The question that we all await the answer to is, what kind of offensive team will they be? Faster, slower or the same? Inside, outside or balanced? Assuming that with the departure of the seniors most of UW's shots will continue to come from the outside, the real buzz is about pace.

If the Badgers can keep opponents away from offensive rebounds, another way Wisconsin might increase its pace would be more turnovers. If you ignore for a moment all the ill-advised shots by Evans that could be considered turnovers, he was actually a very high-usage player who valued the ball. Same goes for Berggren. On the other hand, UW's incumbent point guard turned the ball over on 25 percent of the possessions he used! Jackson has to be wiser with the ball as a junior, or else Wisconsin's pace will rise in a bad way.

During its last 30-win season in 2008, Wisconsin turned over the ball on nearly 20 percent of its possessions, if you can believe it. But Trevon Hughes and Michael Flowers were also generating steals at an above-average rate. That was also the last Badger team to top 62 possessions per game. The problem is I don't see many turnover-creators on defense for this year's team. Ryan is not likely to tolerate that kind of ratio.

The saving grace for the uptempo crowd is twofold. First, the Alando Tucker-led Badgers of that era were the fastest-paced group under Ryan. Dekker -- though quite a different player than Tucker -- is that same kind of unique talent on the wing. He'll have a long leash this season. With Jackson, Brust and other young legs beside him (Bronson Koenig, for example) who have been echoing this notion of Ryan wanting to play faster, we know how Dekker would prefer to play.

Secondly, last year's team, featuring the second-best defense in the land, came pretty close to that 62-possession barrier (61.7) even as the rest of college basketball slowed down.

If I had to guess, I'd say Wisconsin's tempo ticks upward this year, but nothing drastic. There will be issues rebounding that draw out possessions and I think the turnovers will stay low. What will continue to evolve is the team's willingness to seize the first good scoring opportunity, led by Dekker, no matter the shot clock situation.
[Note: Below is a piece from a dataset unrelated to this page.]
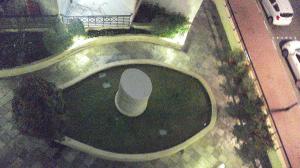 - une vue aérienne sur une piscine dans un bâtiment dans l'établissement Ruby Star Hostel 21 Dubai, à Dubaï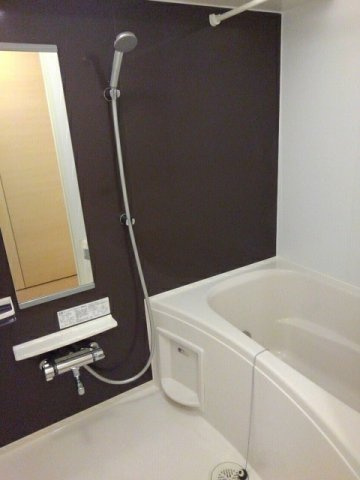 ガーデニアの浴室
Even if you think the Badgers look like they are playing faster this year, it will barely register in the statistics. But it could be a step in a new direction.

* * *

If you missed the streaming coverage of the summer exhibitions, your first chance to see the team in action will be the annual Red/White Scrimmage, scheduled for 5 p.m., Saturday, Oct. 26. That is conveniently scheduled to help fill the void of the second Badger football bye week.

Here are a few more dates to be aware of:

  • Wednesday, Oct. 30: Wisconsin begins play with an exhibition vs. UW-Platteville
  • Thursday, Oct. 31: Big Ten Media Day in Chicago
  • Friday, Nov. 8: Season opener vs. St. John's in Sioux Falls, S.D.